DATA IN THIS EXERCISE
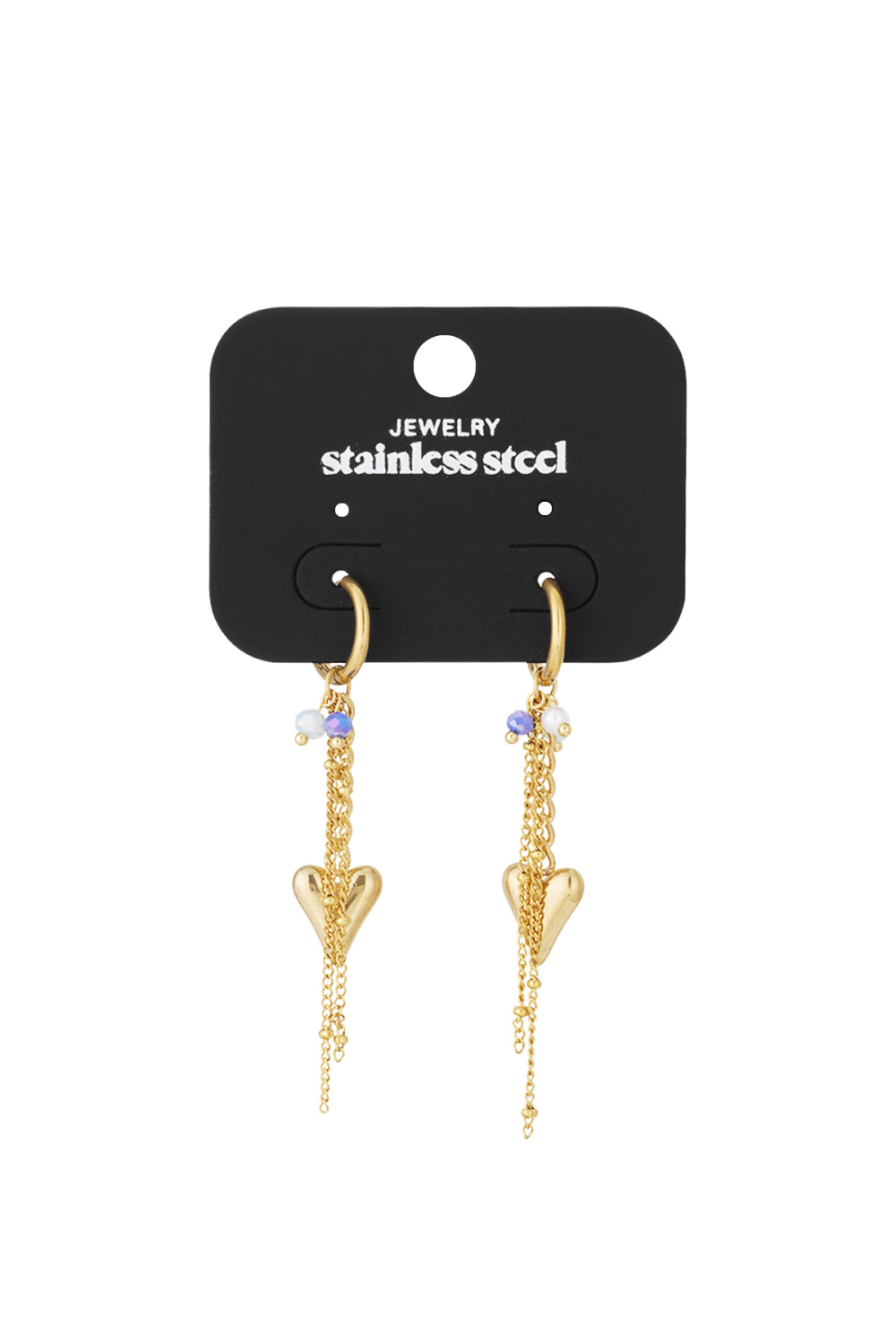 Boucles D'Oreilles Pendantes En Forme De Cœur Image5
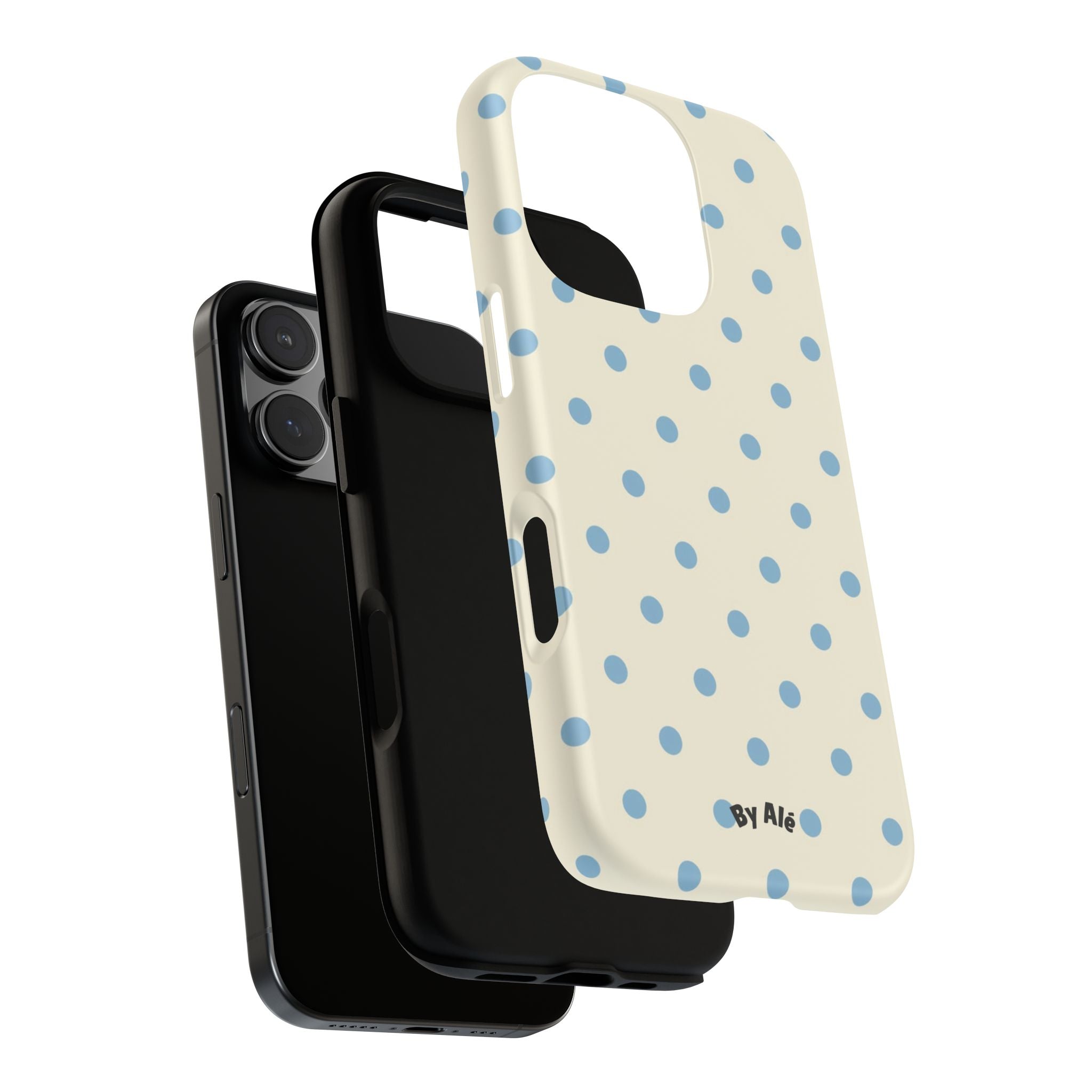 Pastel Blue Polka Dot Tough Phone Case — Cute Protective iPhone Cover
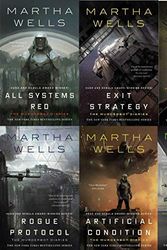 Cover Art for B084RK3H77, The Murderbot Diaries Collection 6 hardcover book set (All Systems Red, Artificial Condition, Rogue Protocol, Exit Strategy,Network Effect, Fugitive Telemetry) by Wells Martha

* * *

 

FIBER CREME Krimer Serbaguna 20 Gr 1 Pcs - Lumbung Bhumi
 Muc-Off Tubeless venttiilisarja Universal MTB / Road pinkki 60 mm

REQUIREMENT
In the listing above, find the line with "Boucles D'Oreilles Pendantes" and the line with "Cover Art for". Transcribe those two and everything between, exactly, leaving out pictures.

SOLUTION BELOW
 Boucles D'Oreilles Pendantes En Forme De Cœur Image5
 Pastel Blue Polka Dot Tough Phone Case — Cute Protective iPhone Cover
 Cover Art for B084RK3H77, The Murderbot Diaries Collection 6 hardcover book set (All Systems Red, Artificial Condition, Rogue Protocol, Exit Strategy,Network Effect, Fugitive Telemetry) by Wells Martha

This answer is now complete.